Why Sears Employee Feedback Predicted Its Downfall
Introduction
Sears used to be known as the store where America shopped. As a company over 120 years old, it is one of the oldest retail chains in the United States. Its performance for the past five years has been horrible, a sloped line angling down toward oblivion. While Sears’ poor performance has been in the headlines for the past year or two, warning signs were readily available to those who knew where to look.

Internal Warfare Instead of Focusing on External Competition
Sears employees are on the front lines of the business’ operations and the face of the firm to the public. Sears employee feedback on corporate rating websites like Glassdoor and others was an early warning sign of its decline well before word hit news sites like Forbes and Business Insider.
Lampert broke the company up into separate units competing with each other, instead of focusing on the bottom line or competing against true competitors like Dillards, Macy’s and Kohl’s. Executives of these 30 separate units started undermining each other, to the detriment of the whole. Middle managers complained about the Atlas Shrugged nature of it all long before the company’s bottom line began to crash. Employees griped about the cutthroat competition and internal strife this caused well before the Ayn Rand inspired management model caused profits to plummet.
Spending Money on the Wrong Things
Sears employee feedback on a number of social networks revealed the discontent over pay-cuts long before they protested in 2013. Employee discontent was in part a reaction to six billion spent on stock buybacks to prop up stock prices while pay was cut.

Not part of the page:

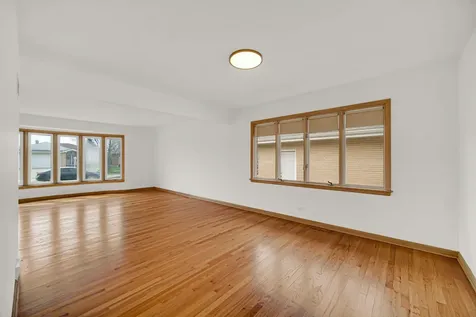 10916 Kingston Street Westchester IL 60154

The company failed to make repairs at existing stores, resulting in broken tiles and burned out light bulbs dissuading customers from shopping there. Employee feedback sites described the deteriorating condition of stores well before pictures of it reached Business Insider feature articles. In fact, employees posted pictures of messy racks, empty shelves, photo departments blocked off and dim secondary retail niches hidden from view. The company preferred to buy back stock and pay higher dividends over investing in the company.
Buying K-mart instead of improving existing stores is its own categorical error.

Failing to Keep Focus
Sears tried to respond to the threat of Walmart’s more upscale brands and expansion by buying K-Mart. An upscale retailer buying a low-cost retailer resulted in efforts to upgrade K-mart’s product lines while Sears’ stores suffered inventory shortages, deterioration from lack of maintenance and poor appearance due to harried and understaffed work groups.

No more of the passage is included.